═════ SUPPLIED DATA

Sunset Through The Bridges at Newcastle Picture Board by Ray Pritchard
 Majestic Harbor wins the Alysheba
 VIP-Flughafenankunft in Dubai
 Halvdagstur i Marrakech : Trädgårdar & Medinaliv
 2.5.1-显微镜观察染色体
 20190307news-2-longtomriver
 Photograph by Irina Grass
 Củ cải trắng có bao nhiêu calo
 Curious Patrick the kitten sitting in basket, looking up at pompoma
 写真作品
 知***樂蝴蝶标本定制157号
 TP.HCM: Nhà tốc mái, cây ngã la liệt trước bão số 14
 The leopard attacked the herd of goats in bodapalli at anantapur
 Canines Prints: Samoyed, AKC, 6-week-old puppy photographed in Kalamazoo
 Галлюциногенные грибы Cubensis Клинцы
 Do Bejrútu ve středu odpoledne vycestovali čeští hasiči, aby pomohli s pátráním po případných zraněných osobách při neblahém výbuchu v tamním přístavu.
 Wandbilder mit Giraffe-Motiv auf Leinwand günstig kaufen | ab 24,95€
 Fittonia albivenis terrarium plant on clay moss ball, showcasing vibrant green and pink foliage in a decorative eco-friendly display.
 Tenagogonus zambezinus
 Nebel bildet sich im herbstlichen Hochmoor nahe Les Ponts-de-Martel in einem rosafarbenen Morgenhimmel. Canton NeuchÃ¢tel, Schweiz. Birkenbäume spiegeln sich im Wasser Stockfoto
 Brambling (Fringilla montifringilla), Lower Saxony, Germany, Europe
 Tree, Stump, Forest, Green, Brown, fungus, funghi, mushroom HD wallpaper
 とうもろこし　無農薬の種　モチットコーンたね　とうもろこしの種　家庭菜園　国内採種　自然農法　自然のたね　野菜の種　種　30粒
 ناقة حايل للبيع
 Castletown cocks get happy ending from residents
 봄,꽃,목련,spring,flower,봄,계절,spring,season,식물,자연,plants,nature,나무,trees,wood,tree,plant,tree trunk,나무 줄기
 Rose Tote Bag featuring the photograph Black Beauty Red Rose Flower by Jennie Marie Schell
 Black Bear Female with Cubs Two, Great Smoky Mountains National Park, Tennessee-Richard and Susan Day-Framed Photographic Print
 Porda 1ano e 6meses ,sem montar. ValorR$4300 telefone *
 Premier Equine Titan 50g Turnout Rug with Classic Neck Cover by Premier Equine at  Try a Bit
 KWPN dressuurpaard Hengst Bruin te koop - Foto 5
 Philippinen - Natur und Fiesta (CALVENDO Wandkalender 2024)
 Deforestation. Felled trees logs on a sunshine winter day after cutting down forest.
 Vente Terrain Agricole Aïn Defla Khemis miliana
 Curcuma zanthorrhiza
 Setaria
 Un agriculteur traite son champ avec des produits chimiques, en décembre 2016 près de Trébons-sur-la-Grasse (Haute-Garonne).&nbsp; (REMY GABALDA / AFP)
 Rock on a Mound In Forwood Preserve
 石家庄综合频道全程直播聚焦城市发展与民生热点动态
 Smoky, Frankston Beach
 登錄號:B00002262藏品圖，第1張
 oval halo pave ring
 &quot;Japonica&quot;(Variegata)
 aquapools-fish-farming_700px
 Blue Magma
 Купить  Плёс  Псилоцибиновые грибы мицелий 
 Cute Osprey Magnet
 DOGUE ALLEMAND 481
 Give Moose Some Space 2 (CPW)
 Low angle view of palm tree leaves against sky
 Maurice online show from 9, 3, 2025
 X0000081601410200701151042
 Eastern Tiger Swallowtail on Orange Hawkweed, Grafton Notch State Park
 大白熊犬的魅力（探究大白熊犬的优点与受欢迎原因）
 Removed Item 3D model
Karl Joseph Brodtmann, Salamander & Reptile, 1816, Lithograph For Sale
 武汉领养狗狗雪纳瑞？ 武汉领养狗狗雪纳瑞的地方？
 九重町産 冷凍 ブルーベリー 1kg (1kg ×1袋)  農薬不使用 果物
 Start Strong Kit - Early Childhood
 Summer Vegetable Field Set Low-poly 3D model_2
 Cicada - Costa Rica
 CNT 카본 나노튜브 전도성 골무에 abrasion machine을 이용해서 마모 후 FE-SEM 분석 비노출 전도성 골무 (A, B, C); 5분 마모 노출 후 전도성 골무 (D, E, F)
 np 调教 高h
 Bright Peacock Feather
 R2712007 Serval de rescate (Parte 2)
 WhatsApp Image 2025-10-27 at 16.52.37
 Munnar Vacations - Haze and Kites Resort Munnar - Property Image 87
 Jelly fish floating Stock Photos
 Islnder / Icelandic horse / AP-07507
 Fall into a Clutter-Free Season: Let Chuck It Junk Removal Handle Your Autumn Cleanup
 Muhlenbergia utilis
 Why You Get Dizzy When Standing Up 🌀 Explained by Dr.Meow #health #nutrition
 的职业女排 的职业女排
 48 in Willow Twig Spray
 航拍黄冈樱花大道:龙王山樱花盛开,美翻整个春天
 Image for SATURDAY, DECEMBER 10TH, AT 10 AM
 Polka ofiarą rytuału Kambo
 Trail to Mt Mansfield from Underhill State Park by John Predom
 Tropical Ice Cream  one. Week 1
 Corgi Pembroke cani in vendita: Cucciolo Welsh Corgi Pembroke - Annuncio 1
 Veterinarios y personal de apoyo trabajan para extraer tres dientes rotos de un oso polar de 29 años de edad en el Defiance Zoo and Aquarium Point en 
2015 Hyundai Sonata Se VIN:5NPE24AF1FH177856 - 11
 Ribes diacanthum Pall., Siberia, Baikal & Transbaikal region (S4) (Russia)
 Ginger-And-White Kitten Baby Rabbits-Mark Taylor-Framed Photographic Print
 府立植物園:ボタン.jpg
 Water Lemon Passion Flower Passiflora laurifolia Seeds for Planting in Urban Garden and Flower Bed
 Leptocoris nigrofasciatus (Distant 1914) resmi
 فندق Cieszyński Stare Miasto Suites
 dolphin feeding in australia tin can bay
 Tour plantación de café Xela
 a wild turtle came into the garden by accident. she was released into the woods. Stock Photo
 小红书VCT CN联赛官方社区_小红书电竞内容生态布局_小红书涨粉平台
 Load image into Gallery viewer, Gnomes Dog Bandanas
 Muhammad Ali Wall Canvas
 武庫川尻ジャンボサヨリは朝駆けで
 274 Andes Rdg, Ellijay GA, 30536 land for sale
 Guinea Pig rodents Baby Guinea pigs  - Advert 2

══════════

GOAL OF THE EXERCISE:
The reply should consist of all the records, repeated exactly.

RESULT OF THIS TASK:
Sunset Through The Bridges at Newcastle Picture Board by Ray Pritchard
 Majestic Harbor wins the Alysheba
 VIP-Flughafenankunft in Dubai
 Halvdagstur i Marrakech : Trädgårdar & Medinaliv
 2.5.1-显微镜观察染色体
 20190307news-2-longtomriver
 Photograph by Irina Grass
 Củ cải trắng có bao nhiêu calo
 Curious Patrick the kitten sitting in basket, looking up at pompoma
 写真作品
 知***樂蝴蝶标本定制157号
 TP.HCM: Nhà tốc mái, cây ngã la liệt trước bão số 14
 The leopard attacked the herd of goats in bodapalli at anantapur
 Canines Prints: Samoyed, AKC, 6-week-old puppy photographed in Kalamazoo
 Галлюциногенные грибы Cubensis Клинцы
 Do Bejrútu ve středu odpoledne vycestovali čeští hasiči, aby pomohli s pátráním po případných zraněných osobách při neblahém výbuchu v tamním přístavu.
 Wandbilder mit Giraffe-Motiv auf Leinwand günstig kaufen | ab 24,95€
 Fittonia albivenis terrarium plant on clay moss ball, showcasing vibrant green and pink foliage in a decorative eco-friendly display.
 Tenagogonus zambezinus
 Nebel bildet sich im herbstlichen Hochmoor nahe Les Ponts-de-Martel in einem rosafarbenen Morgenhimmel. Canton NeuchÃ¢tel, Schweiz. Birkenbäume spiegeln sich im Wasser Stockfoto
 Brambling (Fringilla montifringilla), Lower Saxony, Germany, Europe
 Tree, Stump, Forest, Green, Brown, fungus, funghi, mushroom HD wallpaper
 とうもろこし　無農薬の種　モチットコーンたね　とうもろこしの種　家庭菜園　国内採種　自然農法　自然のたね　野菜の種　種　30粒
 ناقة حايل للبيع
 Castletown cocks get happy ending from residents
 봄,꽃,목련,spring,flower,봄,계절,spring,season,식물,자연,plants,nature,나무,trees,wood,tree,plant,tree trunk,나무 줄기
 Rose Tote Bag featuring the photograph Black Beauty Red Rose Flower by Jennie Marie Schell
 Black Bear Female with Cubs Two, Great Smoky Mountains National Park, Tennessee-Richard and Susan Day-Framed Photographic Print
 Porda 1ano e 6meses ,sem montar. ValorR$4300 telefone *
 Premier Equine Titan 50g Turnout Rug with Classic Neck Cover by Premier Equine at  Try a Bit
 KWPN dressuurpaard Hengst Bruin te koop - Foto 5
 Philippinen - Natur und Fiesta (CALVENDO Wandkalender 2024)
 Deforestation. Felled trees logs on a sunshine winter day after cutting down forest.
 Vente Terrain Agricole Aïn Defla Khemis miliana
 Curcuma zanthorrhiza
 Setaria
 Un agriculteur traite son champ avec des produits chimiques, en décembre 2016 près de Trébons-sur-la-Grasse (Haute-Garonne).&nbsp; (REMY GABALDA / AFP)
 Rock on a Mound In Forwood Preserve
 石家庄综合频道全程直播聚焦城市发展与民生热点动态
 Smoky, Frankston Beach
 登錄號:B00002262藏品圖，第1張
 oval halo pave ring
 &quot;Japonica&quot;(Variegata)
 aquapools-fish-farming_700px
 Blue Magma
 Купить  Плёс  Псилоцибиновые грибы мицелий 
 Cute Osprey Magnet
 DOGUE ALLEMAND 481
 Give Moose Some Space 2 (CPW)
 Low angle view of palm tree leaves against sky
 Maurice online show from 9, 3, 2025
 X0000081601410200701151042
 Eastern Tiger Swallowtail on Orange Hawkweed, Grafton Notch State Park
 大白熊犬的魅力（探究大白熊犬的优点与受欢迎原因）
 Removed Item 3D model
Karl Joseph Brodtmann, Salamander & Reptile, 1816, Lithograph For Sale
 武汉领养狗狗雪纳瑞？ 武汉领养狗狗雪纳瑞的地方？
 九重町産 冷凍 ブルーベリー 1kg (1kg ×1袋)  農薬不使用 果物
 Start Strong Kit - Early Childhood
 Summer Vegetable Field Set Low-poly 3D model_2
 Cicada - Costa Rica
 CNT 카본 나노튜브 전도성 골무에 abrasion machine을 이용해서 마모 후 FE-SEM 분석 비노출 전도성 골무 (A, B, C); 5분 마모 노출 후 전도성 골무 (D, E, F)
 np 调教 高h
 Bright Peacock Feather
 R2712007 Serval de rescate (Parte 2)
 WhatsApp Image 2025-10-27 at 16.52.37
 Munnar Vacations - Haze and Kites Resort Munnar - Property Image 87
 Jelly fish floating Stock Photos
 Islnder / Icelandic horse / AP-07507
 Fall into a Clutter-Free Season: Let Chuck It Junk Removal Handle Your Autumn Cleanup
 Muhlenbergia utilis
 Why You Get Dizzy When Standing Up 🌀 Explained by Dr.Meow #health #nutrition
 的职业女排 的职业女排
 48 in Willow Twig Spray
 航拍黄冈樱花大道:龙王山樱花盛开,美翻整个春天
 Image for SATURDAY, DECEMBER 10TH, AT 10 AM
 Polka ofiarą rytuału Kambo
 Trail to Mt Mansfield from Underhill State Park by John Predom
 Tropical Ice Cream  one. Week 1
 Corgi Pembroke cani in vendita: Cucciolo Welsh Corgi Pembroke - Annuncio 1
 Veterinarios y personal de apoyo trabajan para extraer tres dientes rotos de un oso polar de 29 años de edad en el Defiance Zoo and Aquarium Point en 
2015 Hyundai Sonata Se VIN:5NPE24AF1FH177856 - 11
 Ribes diacanthum Pall., Siberia, Baikal & Transbaikal region (S4) (Russia)
 Ginger-And-White Kitten Baby Rabbits-Mark Taylor-Framed Photographic Print
 府立植物園:ボタン.jpg
 Water Lemon Passion Flower Passiflora laurifolia Seeds for Planting in Urban Garden and Flower Bed
 Leptocoris nigrofasciatus (Distant 1914) resmi
 فندق Cieszyński Stare Miasto Suites
 dolphin feeding in australia tin can bay
 Tour plantación de café Xela
 a wild turtle came into the garden by accident. she was released into the woods. Stock Photo
 小红书VCT CN联赛官方社区_小红书电竞内容生态布局_小红书涨粉平台
 Load image into Gallery viewer, Gnomes Dog Bandanas
 Muhammad Ali Wall Canvas
 武庫川尻ジャンボサヨリは朝駆けで
 274 Andes Rdg, Ellijay GA, 30536 land for sale
 Guinea Pig rodents Baby Guinea pigs  - Advert 2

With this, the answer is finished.